China’s Taiwan Affairs Office, asked on Wednesday about Lai’s speech and how China would respond, said the “Taiwan region’s new leader” had to make a clear choice between peaceful development or confrontation.
“Taiwan independence is incompatible with peace in the Taiwan Strait,” spokesperson Chen Binhua told reporters.
Since Lai’s win, China has maintained pressure on Taiwan but has avoiding mentioning Lai by name, unlike in the run-up to the vote, when it called him and his running mate Hsiao Bi-khim, formerly Taiwan’s de facto ambassador to Washington, an “independence double act”.
In the days leading up to Lai’s inauguration, China has escalated its daily military activities, including staging mock attacks on foreign vessels near Taiwan, sources say.
“They are trying to pressure the new Lai government, wanting him to make concessions under military pressure,” a senior Taiwan security official, who requested anonymity given the sensitivity of the matter, told Reuters.
Taiwan is expecting high-level foreign delegations for the inauguration, including former U.S. officials sent by President Joe Biden, in a show of international support from other democracies.
Although it is Taiwan’s most important arms supplier and international backer, Washington transferred diplomatic recognition to Beijing from Taipei in 1979. Only 12 countries now formally recognise Taiwan diplomatically, mostly poorer developing nations like Guatemala, Haiti, Palau and Eswatini.
FRACTIOUS PARLIAMENT
Domestically, Lai also faces problems after the DPP lost its parliamentary majority in the election that brought him to power.
Taiwan’s largest opposition party, the Kuomintang (KMT) – several of whose senior members have visited China this year – has more legislative seats than the DPP but not a majority.
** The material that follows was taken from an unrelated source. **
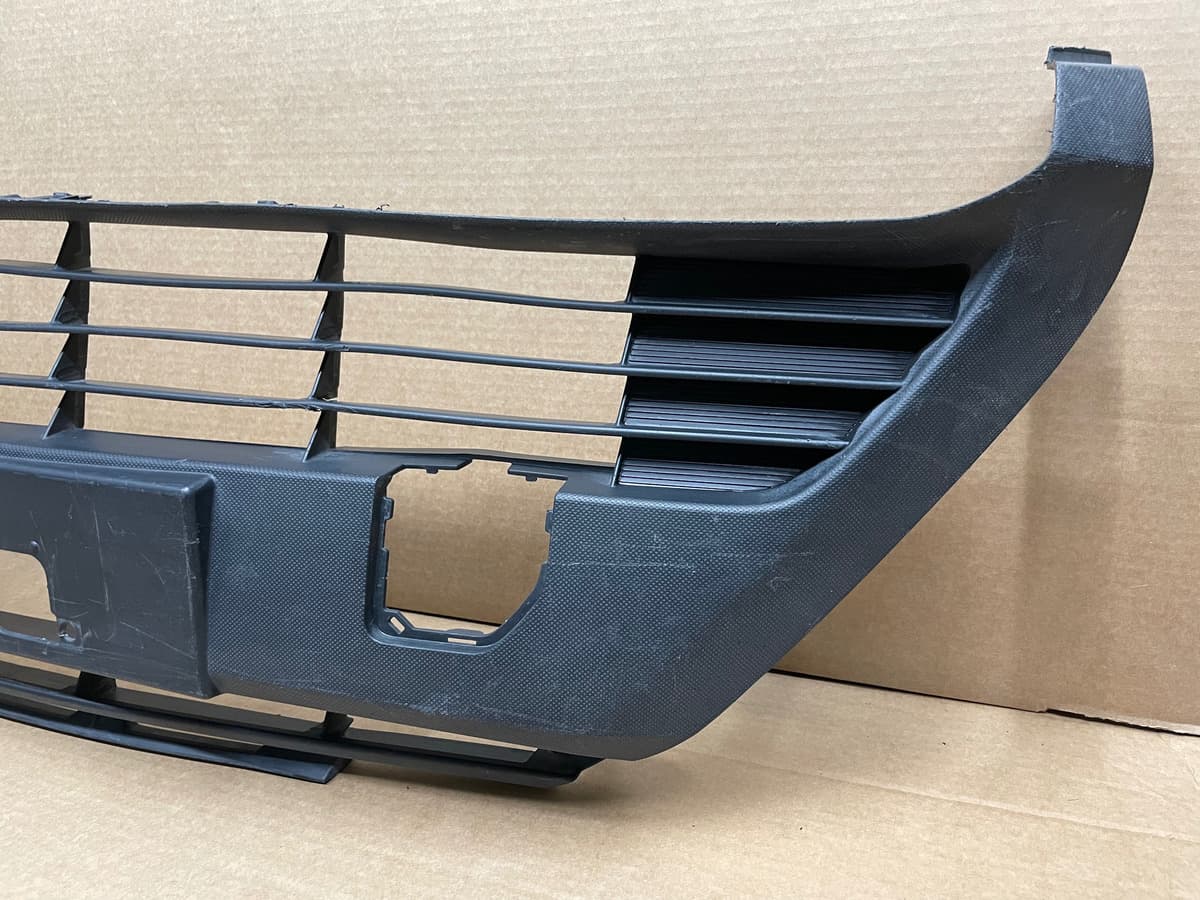 Parrilla Toyota Yaris 2017 53112-0d300 Original galería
The small Taiwan People’s Party, which has no love for the DPP, holds the remaining seats.
DPP caucus whip Ker Chien-ming said last week the KMT was abusing its position to try to force through legislation without consultation. The KMT says it strictly follows the correct procedures, and that the DPP complaints are sour grapes.
Lai has pledged to keep boosting Taiwan’s defence modernisation with big-ticket items like submarines, but those spending plans could be more challenging to pass given the DPP’s lack of a majority.
Chen Yi-fan, an assistant professor of diplomacy and international relations at Taiwan’s Tamkang University who advised the KMT’s presidential campaign, said Lai will have to learn how to compromise but the KMT must also behave responsibly, especially on issues like defence spending.
“If the KMT wants to win back executive power in the next four years, I think they have to block the budget reasonably – they can’t just blindly block all the budgets,” he said.
KMT Chairman Eric Chu this week called on the DPP to give proper consideration to things it was proposing, like reforms to give lawmakers the ability to question the president in parliament.
“The DPP should be open-minded and not merely boycott anything the opposition proposes,” Chu said.